About this exercise:
Begin your transcription at the line containing "Mens Pinky Rings" and continue it, word for word, to the final line below. Include only those lines and skip the pictures.

======== Input for this task

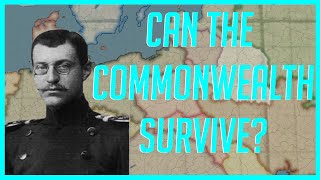 Max Tech Max Fort Poland-Lithuanian Commonwealth- Hearts of Iron 4 Kaiserreich Timelapse AI Only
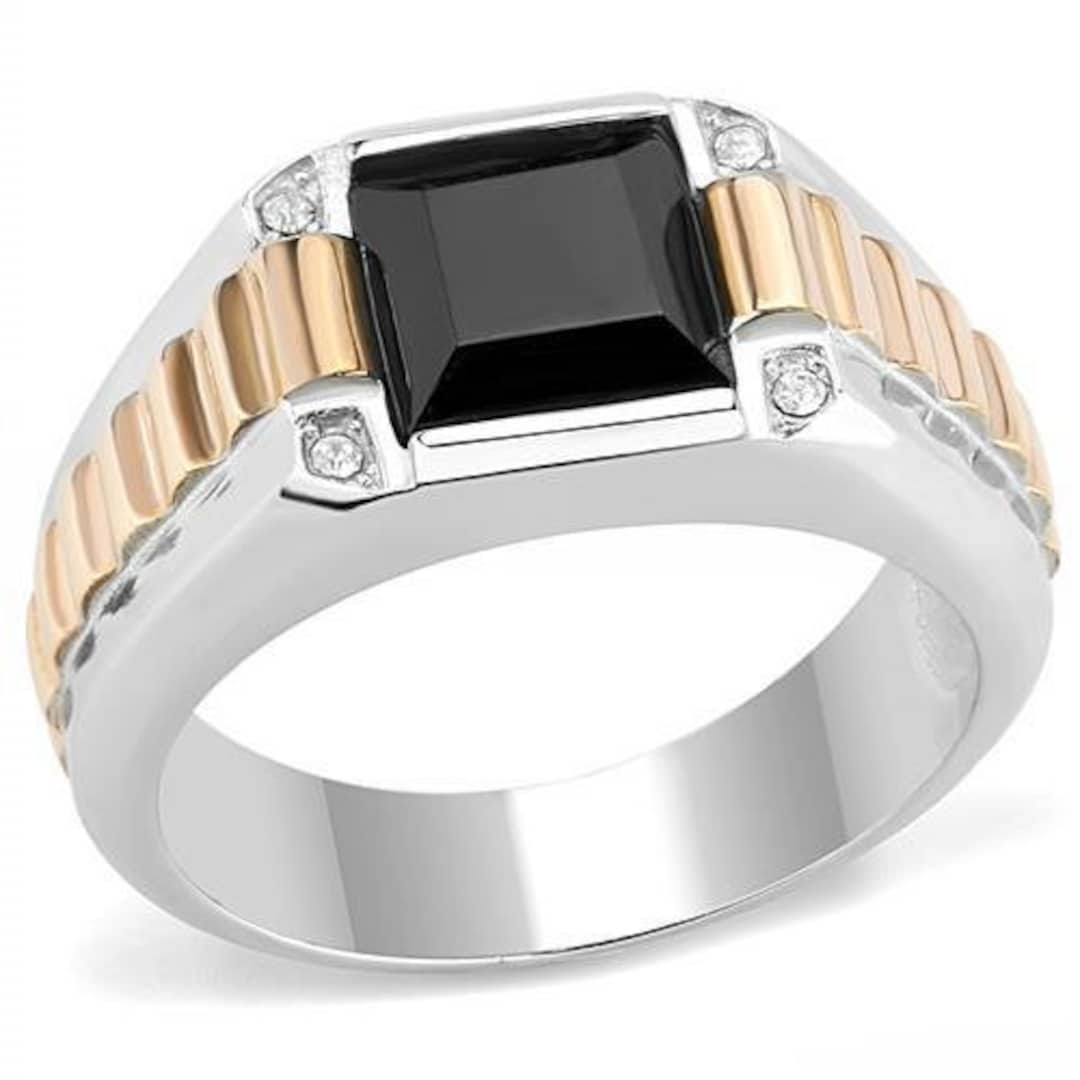 Mens Pinky Rings Mens Rings Mens Fashion Rings Cool Etsy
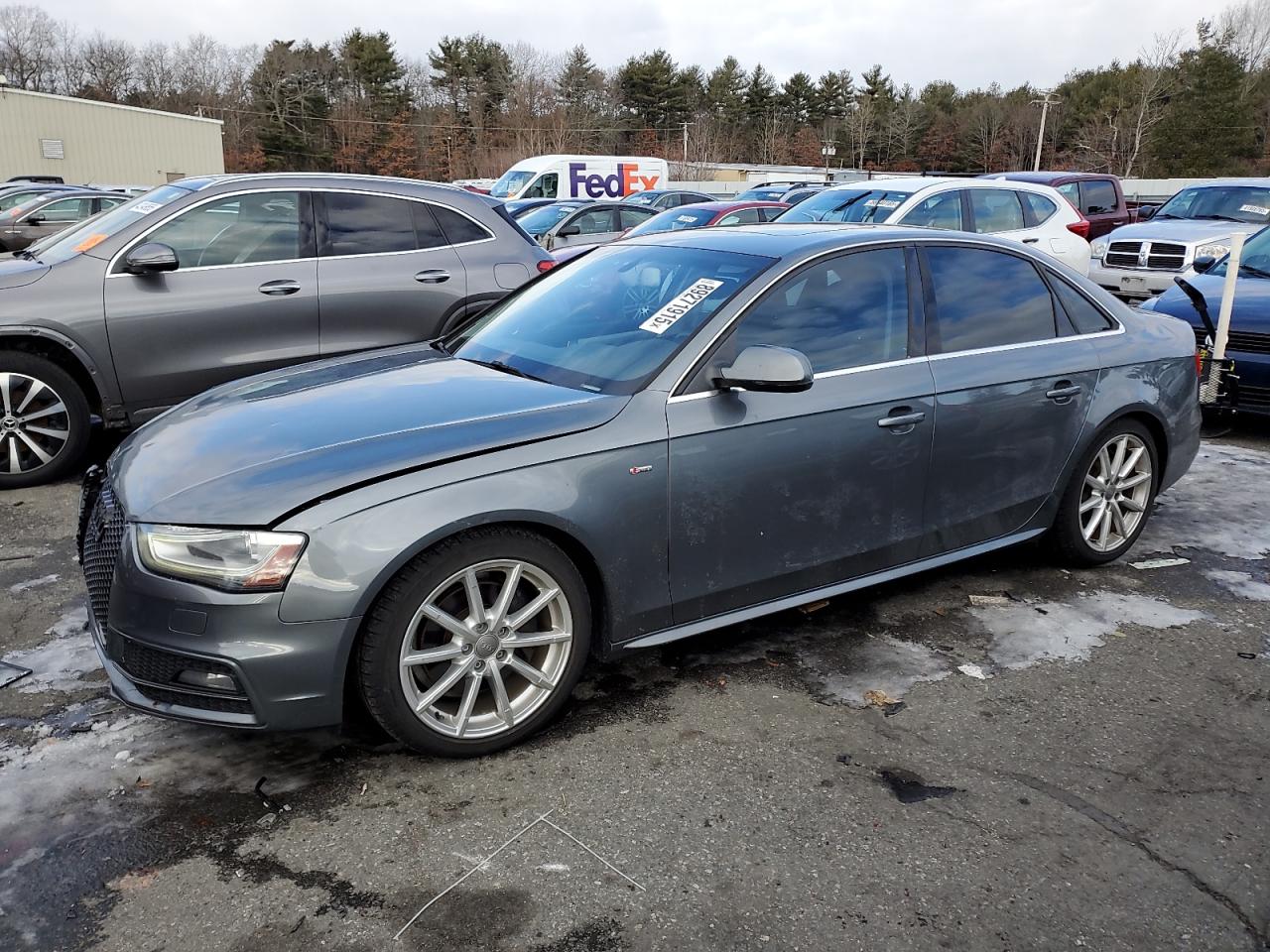 2014 Audi A4 - Image 1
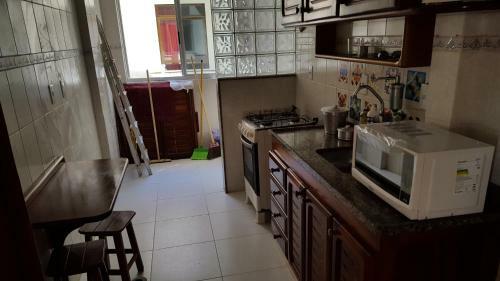 Apartamento Na Prainha (1 Quadra)
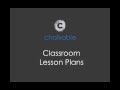 Chalkable Classroom Lesson Planning - Module 10 Chalkable Classroom Lesson Planning - Module 10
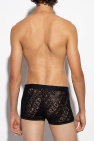 Dsquared2 BLACK Lace boxers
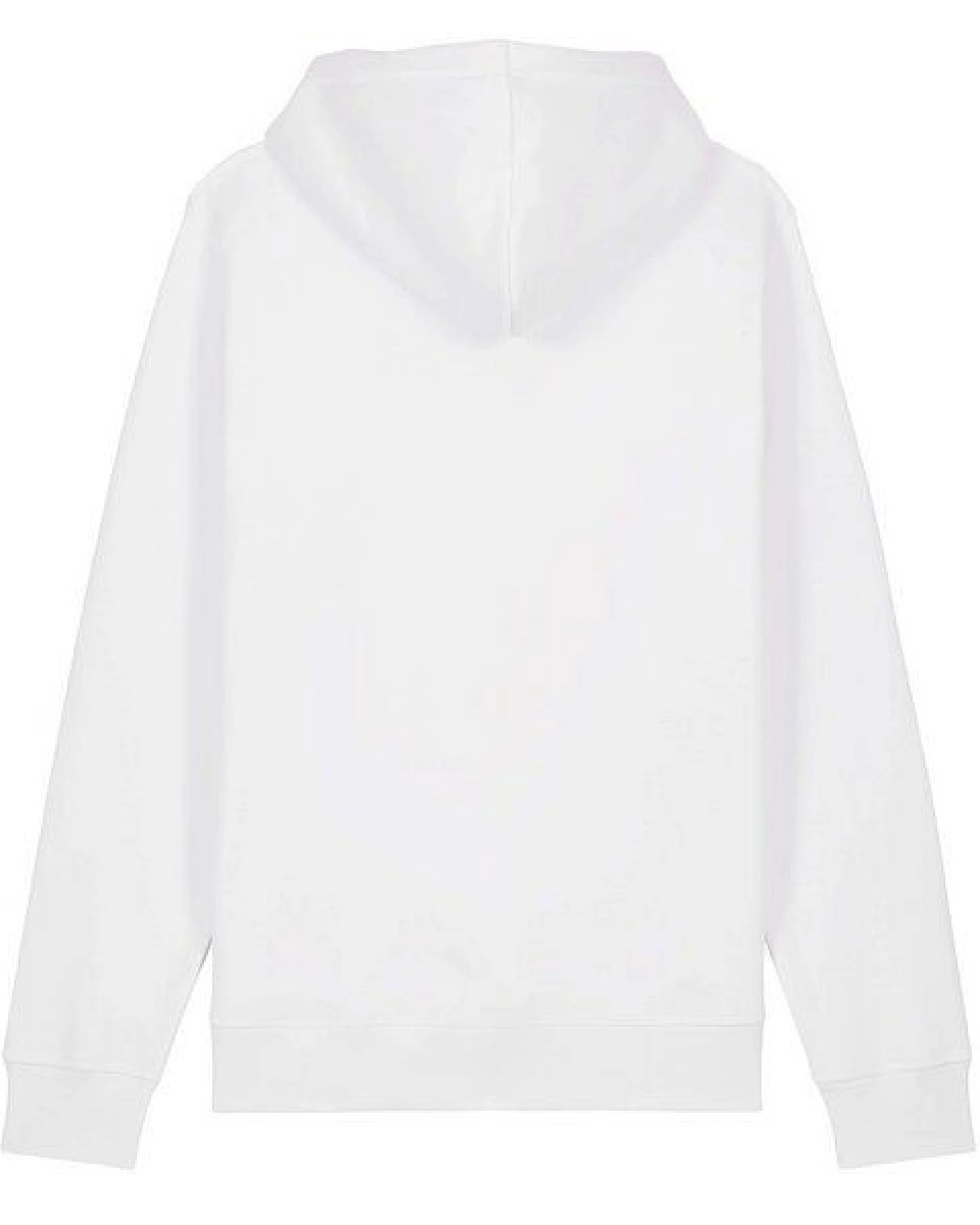 YTWOO Everyday Unisex-Hoodie – Nachhaltig, schlicht & zeitlos – Ansicht 4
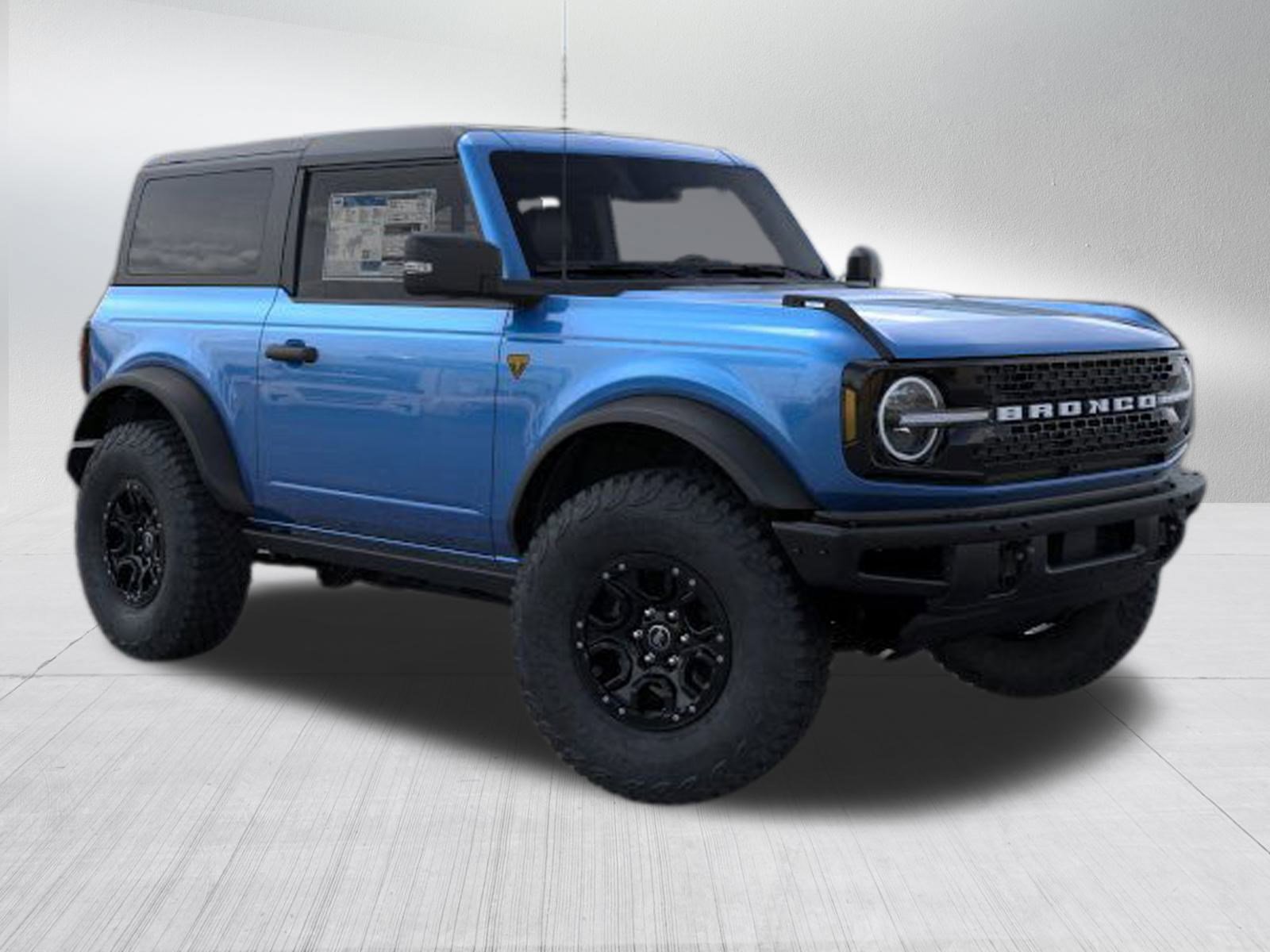 2025 Ford Bronco Badlands photo 6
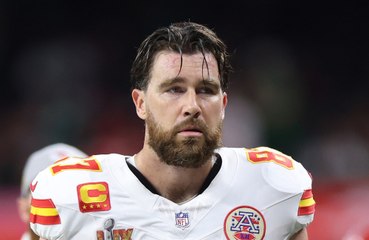 Travis Kelce admits getting distracted and plans to focus more this season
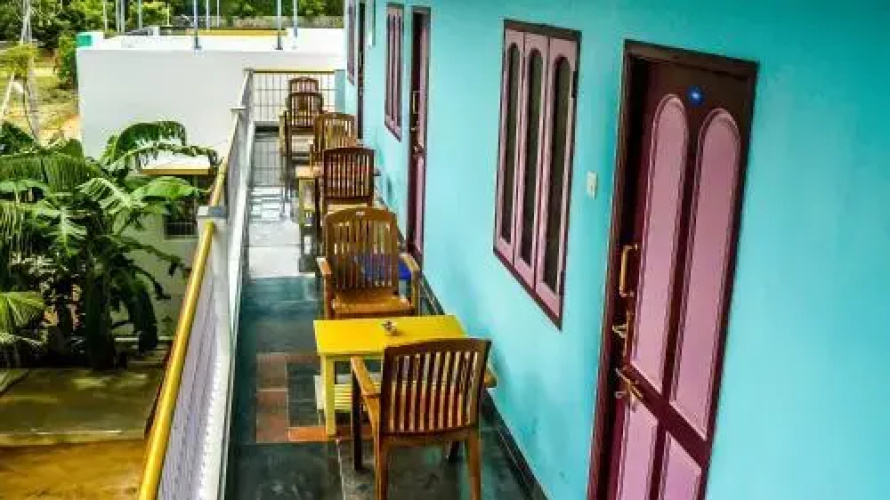 Srinivasa Residency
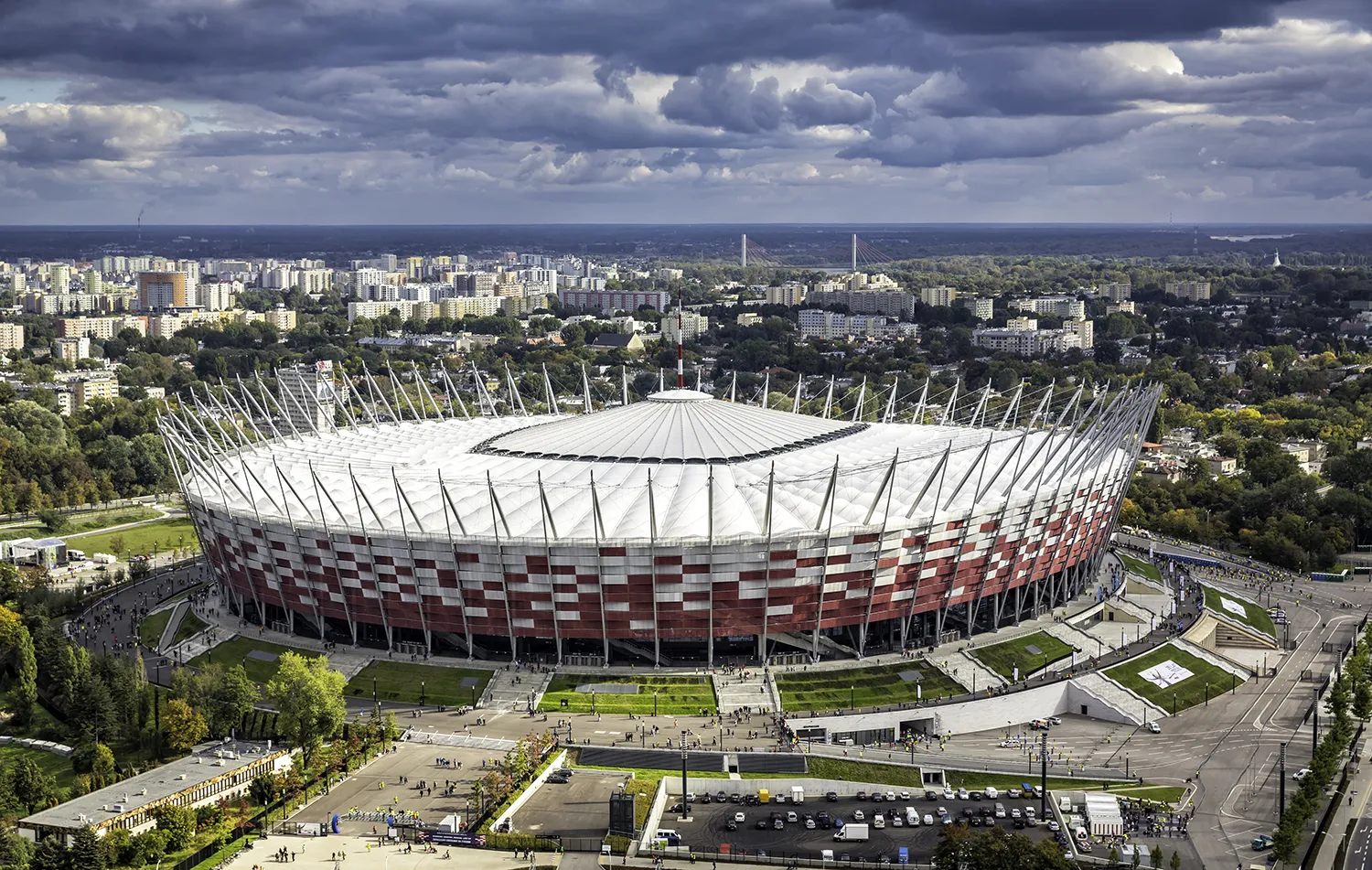 Photo - The Modern Stadium: Oasis, Digital Hub, and the Safest Place Around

================

Task result:
 Mens Pinky Rings Mens Rings Mens Fashion Rings Cool Etsy
 2014 Audi A4 - Image 1
 Apartamento Na Prainha (1 Quadra)
 Chalkable Classroom Lesson Planning - Module 10 Chalkable Classroom Lesson Planning - Module 10
 Dsquared2 BLACK Lace boxers
 YTWOO Everyday Unisex-Hoodie – Nachhaltig, schlicht & zeitlos – Ansicht 4
 2025 Ford Bronco Badlands photo 6
 Travis Kelce admits getting distracted and plans to focus more this season
 Srinivasa Residency
 Photo - The Modern Stadium: Oasis, Digital Hub, and the Safest Place Around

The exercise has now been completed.